This can now be used to call the GCC, i.e.

gcc $(gcc -Q --help=warning | sed -e 's/^\s*\(\-\S*\)\s*\[\w*\]/\1 /gp;d' | tr -d '\n')

Note however that this results in warnings due to some warning options only being available for certain languages (e.g. C++). These could be avoided by using some more regex to only include the options allowed for the current language or by adding an appropriate -Wno-whatever at the end of the call.


It's simply impossible to program with all warnings enabled (unless you are going to ignore them, but then, why bother?). For example, let's assume you use following set of flags: -Wstrict-prototypes -Wtraditional.

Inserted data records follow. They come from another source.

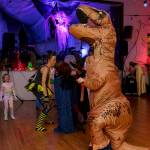 This dinosaur hit the dance floor at the 2023 Black Cat Ball.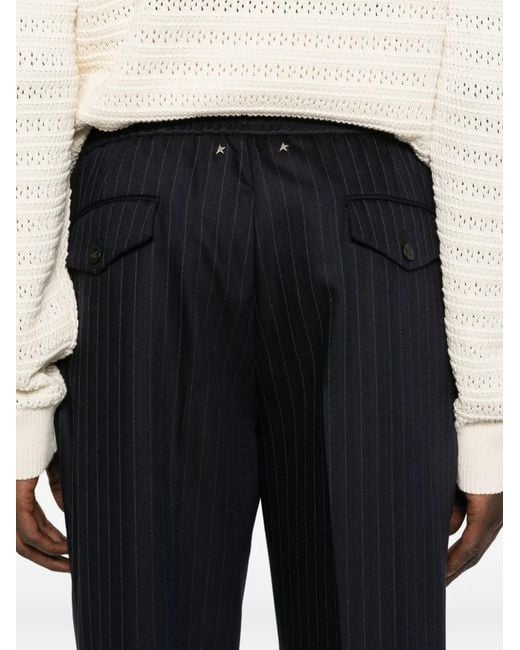 Golden Goose Deluxe Brand Blue Pinstripe Trousers for men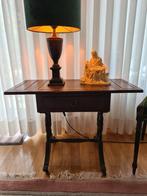 Kaarttafeltje met lederen inleg, Antiek en Kunst, Ophalen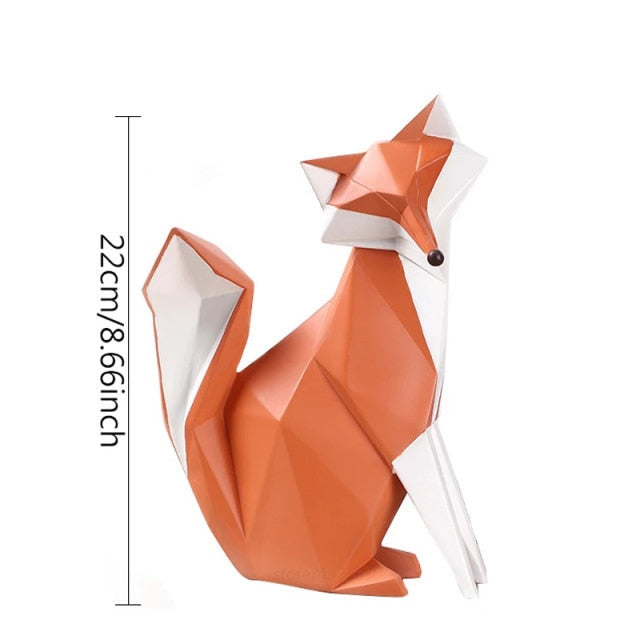 Geometric Orange Fox Figurine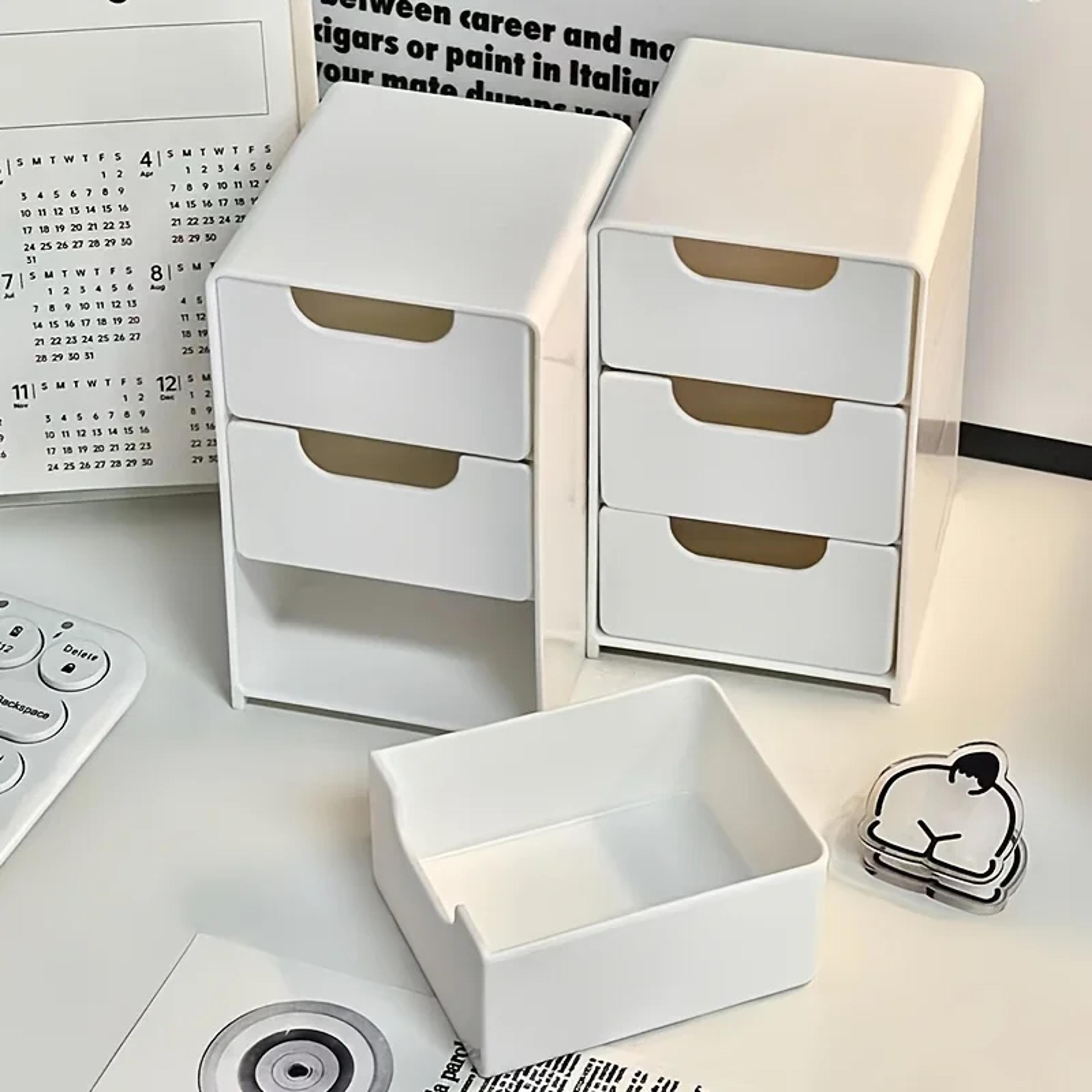 desk organizer with drawers for makeup, jewelry & office supplies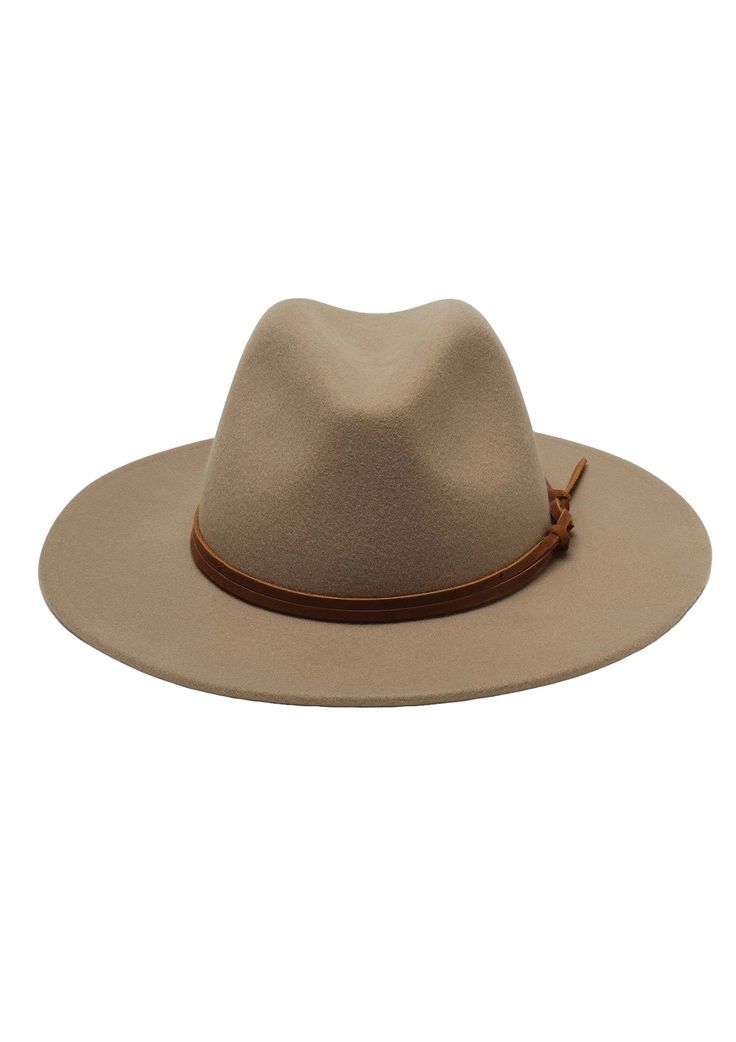 This mid-brim fedora features a genuine leather trim. The sewn brim paired with the soft felt gives the perfect amount of structure, which places it right in the middle between a floppy brim and a stiff brim designation. Goldilocks, if you will? 100% wool felt Brim Width: 3" Crown Height: 4.75" Size: O/S (57cm) with a velcro size adjuster tucked inside the inner sweatband for a customizable fit. Spring Brimmed Fur Felt Fedora, Elegant Brown Panama Hat For Fall, Adjustable Fur Felt Fedora For Spring, Spring Adjustable Fur Felt Fedora, Western Style Fur Felt Fedora For Spring, Western Fur Felt Fedora For Spring, Winter Beige Flat Brim Fedora, Brown Fur Felt Panama Hat With Curved Brim, Beige Fur Felt Fedora With Short Brim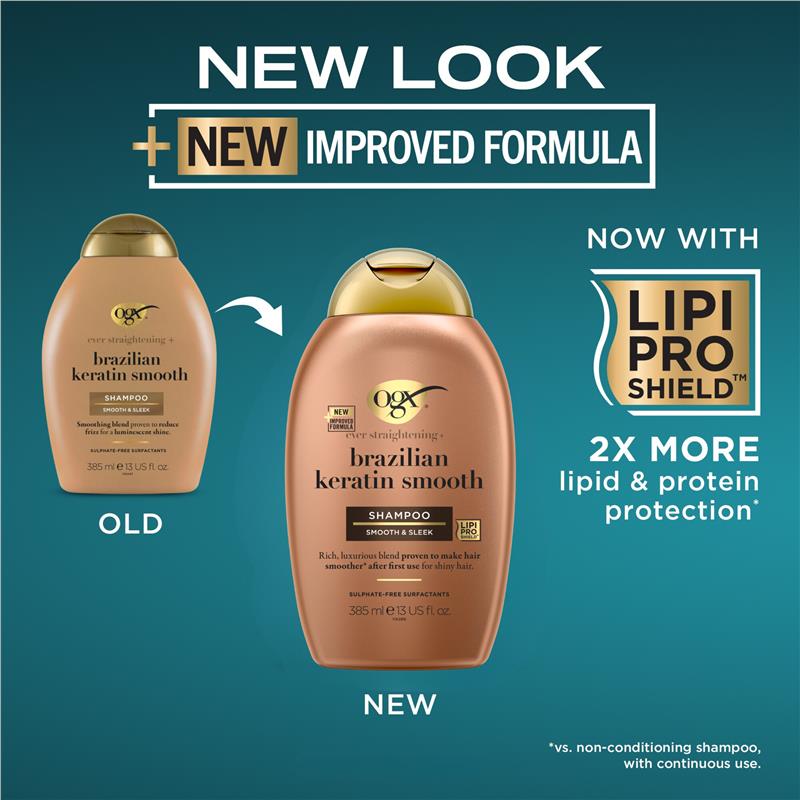 Load image into Gallery viewer, Ogx Ever Straightening + Smoothing &amp; Shine Brazilian Keratin Therapy Shampoo For Dull Hair 385mL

Even with two warnings enabled, the following program would complain.

/tmp $ cat main.c 
int main(int argc, char **argv) {
    return 0;
}
/tmp $ gcc -Wstrict-prototypes -Wtraditional main.c 
main.c: In function ‘main’:
main.c:1:5: warning: traditional C rejects ISO C style function definitions [-Wtraditional]
 int main(int argc, char **argv) {
     ^

You may think "well, I'm going to use old style prototypes then". Nope, this won't work.

/tmp $ cat main.c 
int main(argc, argv)
    int argc;
    char **argv;
{
    return 0;
}
/tmp $ gcc -Wstrict-prototypes -Wtraditional main.c 
main.c:1:5: warning: function declaration isn’t a prototype [-Wstrict-prototypes]
 int main(argc, argv)
     ^

And no, not specifying any prototype is also wrong, as the compiler will also complain.

/tmp $ cat main.c 
int main() {
    return 0;
}
/tmp $ gcc -Wstrict-prototypes -Wtraditional main.c 
main.c:1:5: warning: function declaration isn’t a prototype [-Wstrict-prototypes]
 int main() {
     ^

If you define any functions inside your program, you cannot use all flags, because the compiler will complain about any imaginable function definition.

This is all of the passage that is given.